Exercise goal:
Below is a listing. Write out exactly its lines between the one holding "Queen's Own Dorset" and the one holding "Support à bougies", inclusive.

Information supplied:
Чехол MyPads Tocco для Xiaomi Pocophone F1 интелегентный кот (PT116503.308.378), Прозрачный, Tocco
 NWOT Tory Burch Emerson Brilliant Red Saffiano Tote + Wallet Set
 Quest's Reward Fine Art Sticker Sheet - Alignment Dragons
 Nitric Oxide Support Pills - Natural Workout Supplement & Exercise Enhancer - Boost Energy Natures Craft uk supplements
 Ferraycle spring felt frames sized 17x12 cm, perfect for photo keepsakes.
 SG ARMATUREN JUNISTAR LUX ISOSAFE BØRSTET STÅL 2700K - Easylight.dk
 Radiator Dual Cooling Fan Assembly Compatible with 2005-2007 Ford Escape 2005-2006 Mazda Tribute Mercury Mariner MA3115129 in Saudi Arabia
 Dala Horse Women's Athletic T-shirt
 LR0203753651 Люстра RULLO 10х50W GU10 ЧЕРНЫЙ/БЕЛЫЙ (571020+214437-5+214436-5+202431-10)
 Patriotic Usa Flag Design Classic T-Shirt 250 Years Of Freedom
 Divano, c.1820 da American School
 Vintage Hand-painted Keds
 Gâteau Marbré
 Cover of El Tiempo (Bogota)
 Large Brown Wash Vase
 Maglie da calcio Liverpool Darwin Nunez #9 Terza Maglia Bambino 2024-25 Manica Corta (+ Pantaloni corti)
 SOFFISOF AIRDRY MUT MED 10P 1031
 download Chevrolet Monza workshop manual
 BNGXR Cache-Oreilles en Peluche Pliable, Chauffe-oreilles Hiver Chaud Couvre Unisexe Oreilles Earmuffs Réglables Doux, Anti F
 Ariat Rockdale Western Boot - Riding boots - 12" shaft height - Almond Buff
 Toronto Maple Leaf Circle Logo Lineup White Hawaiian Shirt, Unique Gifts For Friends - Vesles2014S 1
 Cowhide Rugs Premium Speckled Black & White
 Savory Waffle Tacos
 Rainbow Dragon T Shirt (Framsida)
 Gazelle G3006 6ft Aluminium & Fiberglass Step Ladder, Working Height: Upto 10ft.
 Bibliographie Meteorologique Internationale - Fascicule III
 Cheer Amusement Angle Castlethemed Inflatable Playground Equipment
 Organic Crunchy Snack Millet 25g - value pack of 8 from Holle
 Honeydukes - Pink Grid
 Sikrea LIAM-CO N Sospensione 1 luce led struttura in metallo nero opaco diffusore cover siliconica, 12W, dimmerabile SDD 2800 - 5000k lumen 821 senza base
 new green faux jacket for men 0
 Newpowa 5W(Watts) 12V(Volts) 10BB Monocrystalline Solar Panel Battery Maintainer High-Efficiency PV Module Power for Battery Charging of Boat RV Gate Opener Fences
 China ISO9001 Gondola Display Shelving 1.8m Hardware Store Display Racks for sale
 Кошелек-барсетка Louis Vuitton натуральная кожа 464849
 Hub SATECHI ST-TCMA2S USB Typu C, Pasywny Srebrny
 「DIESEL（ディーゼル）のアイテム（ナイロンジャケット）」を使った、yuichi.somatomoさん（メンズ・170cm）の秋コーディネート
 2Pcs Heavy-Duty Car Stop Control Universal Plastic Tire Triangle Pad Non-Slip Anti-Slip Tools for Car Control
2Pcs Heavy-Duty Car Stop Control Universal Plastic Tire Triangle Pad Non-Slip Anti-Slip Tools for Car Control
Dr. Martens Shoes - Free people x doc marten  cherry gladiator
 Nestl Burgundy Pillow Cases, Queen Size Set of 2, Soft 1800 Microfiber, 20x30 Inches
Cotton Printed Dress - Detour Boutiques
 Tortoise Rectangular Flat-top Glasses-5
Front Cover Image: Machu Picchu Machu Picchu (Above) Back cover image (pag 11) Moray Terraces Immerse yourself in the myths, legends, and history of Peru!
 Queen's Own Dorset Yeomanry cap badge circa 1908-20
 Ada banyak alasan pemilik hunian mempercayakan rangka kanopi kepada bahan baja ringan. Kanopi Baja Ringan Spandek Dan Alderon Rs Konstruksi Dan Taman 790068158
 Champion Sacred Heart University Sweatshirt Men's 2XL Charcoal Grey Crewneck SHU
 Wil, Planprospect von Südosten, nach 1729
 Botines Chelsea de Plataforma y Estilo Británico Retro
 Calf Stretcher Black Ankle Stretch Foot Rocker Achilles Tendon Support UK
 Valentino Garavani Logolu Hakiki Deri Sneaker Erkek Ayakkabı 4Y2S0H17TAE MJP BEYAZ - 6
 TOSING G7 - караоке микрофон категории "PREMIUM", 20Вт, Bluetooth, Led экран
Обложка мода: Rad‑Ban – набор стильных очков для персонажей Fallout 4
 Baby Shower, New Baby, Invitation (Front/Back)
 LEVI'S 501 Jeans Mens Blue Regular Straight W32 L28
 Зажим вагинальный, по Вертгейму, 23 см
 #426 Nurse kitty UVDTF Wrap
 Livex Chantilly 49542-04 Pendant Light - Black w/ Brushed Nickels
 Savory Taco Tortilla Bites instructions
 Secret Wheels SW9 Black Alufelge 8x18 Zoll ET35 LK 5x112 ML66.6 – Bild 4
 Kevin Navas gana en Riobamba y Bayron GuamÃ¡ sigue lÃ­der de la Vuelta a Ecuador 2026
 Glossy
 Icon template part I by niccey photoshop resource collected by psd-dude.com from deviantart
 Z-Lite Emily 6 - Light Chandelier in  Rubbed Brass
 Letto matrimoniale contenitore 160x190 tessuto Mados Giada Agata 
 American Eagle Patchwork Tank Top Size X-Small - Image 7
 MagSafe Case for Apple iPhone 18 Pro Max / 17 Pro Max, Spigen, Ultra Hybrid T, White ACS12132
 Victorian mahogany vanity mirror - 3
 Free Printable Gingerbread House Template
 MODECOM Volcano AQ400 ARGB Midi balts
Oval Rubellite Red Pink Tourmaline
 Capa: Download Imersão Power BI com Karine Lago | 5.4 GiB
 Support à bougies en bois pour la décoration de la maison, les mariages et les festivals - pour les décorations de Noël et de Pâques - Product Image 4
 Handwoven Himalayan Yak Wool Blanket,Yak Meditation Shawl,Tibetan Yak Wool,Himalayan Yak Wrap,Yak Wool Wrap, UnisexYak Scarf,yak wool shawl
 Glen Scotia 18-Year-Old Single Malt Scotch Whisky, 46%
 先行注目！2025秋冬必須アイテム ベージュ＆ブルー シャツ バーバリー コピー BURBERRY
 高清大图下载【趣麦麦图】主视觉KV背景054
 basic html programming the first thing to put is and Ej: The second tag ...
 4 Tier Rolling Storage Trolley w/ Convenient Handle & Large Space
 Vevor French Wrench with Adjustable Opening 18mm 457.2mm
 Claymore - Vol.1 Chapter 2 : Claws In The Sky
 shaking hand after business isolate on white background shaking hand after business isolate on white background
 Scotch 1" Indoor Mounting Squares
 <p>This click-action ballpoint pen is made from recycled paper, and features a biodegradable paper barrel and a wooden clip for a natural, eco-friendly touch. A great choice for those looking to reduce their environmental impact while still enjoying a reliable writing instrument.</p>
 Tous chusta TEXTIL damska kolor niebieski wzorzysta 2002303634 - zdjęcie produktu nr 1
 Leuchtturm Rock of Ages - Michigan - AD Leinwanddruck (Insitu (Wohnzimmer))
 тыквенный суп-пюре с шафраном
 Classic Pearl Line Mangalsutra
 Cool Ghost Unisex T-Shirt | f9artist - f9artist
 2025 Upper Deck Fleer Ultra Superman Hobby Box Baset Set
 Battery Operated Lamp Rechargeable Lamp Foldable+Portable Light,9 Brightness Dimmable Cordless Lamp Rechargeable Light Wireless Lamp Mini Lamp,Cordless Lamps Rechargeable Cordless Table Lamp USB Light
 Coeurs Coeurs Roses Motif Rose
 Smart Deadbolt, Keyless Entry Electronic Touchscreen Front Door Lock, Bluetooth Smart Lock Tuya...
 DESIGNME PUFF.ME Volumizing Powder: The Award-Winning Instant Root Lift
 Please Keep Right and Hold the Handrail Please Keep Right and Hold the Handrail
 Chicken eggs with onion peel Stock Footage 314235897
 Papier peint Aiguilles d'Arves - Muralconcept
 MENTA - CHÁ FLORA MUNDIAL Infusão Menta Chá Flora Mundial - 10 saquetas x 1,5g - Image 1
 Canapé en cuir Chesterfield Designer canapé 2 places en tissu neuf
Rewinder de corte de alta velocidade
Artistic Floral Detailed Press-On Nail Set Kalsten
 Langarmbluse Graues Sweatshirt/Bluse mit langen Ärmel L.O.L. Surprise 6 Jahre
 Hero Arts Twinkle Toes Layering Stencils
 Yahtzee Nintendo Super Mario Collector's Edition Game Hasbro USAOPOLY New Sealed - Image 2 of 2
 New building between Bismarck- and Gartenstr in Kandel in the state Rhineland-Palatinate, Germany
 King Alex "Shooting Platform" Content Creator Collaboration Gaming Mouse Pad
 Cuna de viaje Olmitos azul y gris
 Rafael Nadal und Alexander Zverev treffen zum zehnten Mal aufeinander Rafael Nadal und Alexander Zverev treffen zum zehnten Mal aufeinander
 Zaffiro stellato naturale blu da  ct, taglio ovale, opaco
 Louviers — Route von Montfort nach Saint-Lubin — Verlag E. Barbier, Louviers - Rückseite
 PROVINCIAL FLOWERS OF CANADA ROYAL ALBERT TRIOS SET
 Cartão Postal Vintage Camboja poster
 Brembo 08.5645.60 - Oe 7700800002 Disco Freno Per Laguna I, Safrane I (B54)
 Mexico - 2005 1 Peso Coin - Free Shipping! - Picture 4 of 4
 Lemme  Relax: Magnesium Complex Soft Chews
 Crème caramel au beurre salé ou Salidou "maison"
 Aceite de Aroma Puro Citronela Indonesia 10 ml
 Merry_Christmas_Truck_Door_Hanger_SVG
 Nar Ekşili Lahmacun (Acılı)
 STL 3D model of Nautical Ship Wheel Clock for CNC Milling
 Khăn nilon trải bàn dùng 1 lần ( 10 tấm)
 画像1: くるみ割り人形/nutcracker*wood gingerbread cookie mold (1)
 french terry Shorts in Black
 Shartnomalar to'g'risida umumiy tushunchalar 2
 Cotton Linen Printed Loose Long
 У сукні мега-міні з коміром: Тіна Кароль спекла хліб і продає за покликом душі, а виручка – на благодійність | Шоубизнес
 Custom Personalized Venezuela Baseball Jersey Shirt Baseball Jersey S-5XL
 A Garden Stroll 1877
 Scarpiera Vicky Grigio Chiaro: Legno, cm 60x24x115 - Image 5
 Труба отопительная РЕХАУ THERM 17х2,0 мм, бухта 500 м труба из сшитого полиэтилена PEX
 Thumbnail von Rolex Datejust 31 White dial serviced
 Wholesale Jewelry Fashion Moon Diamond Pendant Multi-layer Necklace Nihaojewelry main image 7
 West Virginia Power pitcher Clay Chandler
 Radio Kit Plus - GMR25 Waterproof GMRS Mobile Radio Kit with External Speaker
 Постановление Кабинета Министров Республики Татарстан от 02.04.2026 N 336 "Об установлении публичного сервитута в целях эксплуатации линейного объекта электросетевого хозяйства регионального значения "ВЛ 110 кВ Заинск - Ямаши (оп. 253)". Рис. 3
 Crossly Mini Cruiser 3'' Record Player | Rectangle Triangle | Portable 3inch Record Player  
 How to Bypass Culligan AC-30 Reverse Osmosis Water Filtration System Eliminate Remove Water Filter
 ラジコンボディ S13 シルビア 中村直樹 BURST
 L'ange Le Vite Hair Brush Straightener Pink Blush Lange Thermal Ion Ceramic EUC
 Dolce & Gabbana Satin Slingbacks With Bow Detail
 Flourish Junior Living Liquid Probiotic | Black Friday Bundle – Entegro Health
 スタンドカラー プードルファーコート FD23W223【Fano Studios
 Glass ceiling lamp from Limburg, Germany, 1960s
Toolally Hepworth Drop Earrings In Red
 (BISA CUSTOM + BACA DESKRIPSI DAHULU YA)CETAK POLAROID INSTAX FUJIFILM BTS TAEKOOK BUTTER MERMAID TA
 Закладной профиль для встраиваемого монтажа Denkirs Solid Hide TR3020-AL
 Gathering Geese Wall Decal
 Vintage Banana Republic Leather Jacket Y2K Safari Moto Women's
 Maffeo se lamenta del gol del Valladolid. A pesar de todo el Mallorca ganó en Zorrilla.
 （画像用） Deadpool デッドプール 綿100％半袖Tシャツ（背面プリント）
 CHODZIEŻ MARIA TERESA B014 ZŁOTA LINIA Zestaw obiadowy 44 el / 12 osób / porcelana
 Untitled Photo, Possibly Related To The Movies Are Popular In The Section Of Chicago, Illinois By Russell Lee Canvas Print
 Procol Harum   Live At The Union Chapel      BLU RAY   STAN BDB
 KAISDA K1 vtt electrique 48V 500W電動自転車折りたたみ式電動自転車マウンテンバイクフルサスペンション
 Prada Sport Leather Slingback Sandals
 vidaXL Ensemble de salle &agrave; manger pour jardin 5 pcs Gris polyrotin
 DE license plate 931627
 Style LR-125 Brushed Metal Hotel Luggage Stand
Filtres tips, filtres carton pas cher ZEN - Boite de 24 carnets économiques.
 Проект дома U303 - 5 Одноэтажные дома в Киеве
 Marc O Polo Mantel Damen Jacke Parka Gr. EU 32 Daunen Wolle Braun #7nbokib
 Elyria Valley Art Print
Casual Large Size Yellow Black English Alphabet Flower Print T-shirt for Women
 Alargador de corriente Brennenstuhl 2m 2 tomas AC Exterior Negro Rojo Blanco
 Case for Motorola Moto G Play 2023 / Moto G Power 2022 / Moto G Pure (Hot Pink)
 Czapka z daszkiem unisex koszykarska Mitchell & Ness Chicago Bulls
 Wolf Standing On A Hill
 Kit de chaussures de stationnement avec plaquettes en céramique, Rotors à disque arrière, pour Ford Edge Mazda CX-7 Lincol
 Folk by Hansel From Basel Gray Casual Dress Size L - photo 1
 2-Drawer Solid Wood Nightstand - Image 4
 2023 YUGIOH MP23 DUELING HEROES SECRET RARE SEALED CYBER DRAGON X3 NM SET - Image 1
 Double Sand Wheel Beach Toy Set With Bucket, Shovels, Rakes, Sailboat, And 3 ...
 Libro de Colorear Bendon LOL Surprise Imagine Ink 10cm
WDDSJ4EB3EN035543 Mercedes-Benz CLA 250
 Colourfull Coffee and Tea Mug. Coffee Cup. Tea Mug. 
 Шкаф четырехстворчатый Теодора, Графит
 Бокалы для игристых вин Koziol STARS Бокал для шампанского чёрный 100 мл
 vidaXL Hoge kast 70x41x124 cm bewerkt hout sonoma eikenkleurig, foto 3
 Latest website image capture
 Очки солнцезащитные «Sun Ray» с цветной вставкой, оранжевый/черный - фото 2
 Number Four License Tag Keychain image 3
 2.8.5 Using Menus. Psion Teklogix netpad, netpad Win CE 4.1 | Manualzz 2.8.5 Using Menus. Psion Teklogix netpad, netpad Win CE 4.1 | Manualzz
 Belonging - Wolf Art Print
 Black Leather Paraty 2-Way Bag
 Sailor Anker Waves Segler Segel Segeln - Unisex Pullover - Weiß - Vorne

Answer below:
 Queen's Own Dorset Yeomanry cap badge circa 1908-20
 Ada banyak alasan pemilik hunian mempercayakan rangka kanopi kepada bahan baja ringan. Kanopi Baja Ringan Spandek Dan Alderon Rs Konstruksi Dan Taman 790068158
 Champion Sacred Heart University Sweatshirt Men's 2XL Charcoal Grey Crewneck SHU
 Wil, Planprospect von Südosten, nach 1729
 Botines Chelsea de Plataforma y Estilo Británico Retro
 Calf Stretcher Black Ankle Stretch Foot Rocker Achilles Tendon Support UK
 Valentino Garavani Logolu Hakiki Deri Sneaker Erkek Ayakkabı 4Y2S0H17TAE MJP BEYAZ - 6
 TOSING G7 - караоке микрофон категории "PREMIUM", 20Вт, Bluetooth, Led экран
Обложка мода: Rad‑Ban – набор стильных очков для персонажей Fallout 4
 Baby Shower, New Baby, Invitation (Front/Back)
 LEVI'S 501 Jeans Mens Blue Regular Straight W32 L28
 Зажим вагинальный, по Вертгейму, 23 см
 #426 Nurse kitty UVDTF Wrap
 Livex Chantilly 49542-04 Pendant Light - Black w/ Brushed Nickels
 Savory Taco Tortilla Bites instructions
 Secret Wheels SW9 Black Alufelge 8x18 Zoll ET35 LK 5x112 ML66.6 – Bild 4
 Kevin Navas gana en Riobamba y Bayron GuamÃ¡ sigue lÃ­der de la Vuelta a Ecuador 2026
 Glossy
 Icon template part I by niccey photoshop resource collected by psd-dude.com from deviantart
 Z-Lite Emily 6 - Light Chandelier in  Rubbed Brass
 Letto matrimoniale contenitore 160x190 tessuto Mados Giada Agata 
 American Eagle Patchwork Tank Top Size X-Small - Image 7
 MagSafe Case for Apple iPhone 18 Pro Max / 17 Pro Max, Spigen, Ultra Hybrid T, White ACS12132
 Victorian mahogany vanity mirror - 3
 Free Printable Gingerbread House Template
 MODECOM Volcano AQ400 ARGB Midi balts
Oval Rubellite Red Pink Tourmaline
 Capa: Download Imersão Power BI com Karine Lago | 5.4 GiB
 Support à bougies en bois pour la décoration de la maison, les mariages et les festivals - pour les décorations de Noël et de Pâques - Product Image 4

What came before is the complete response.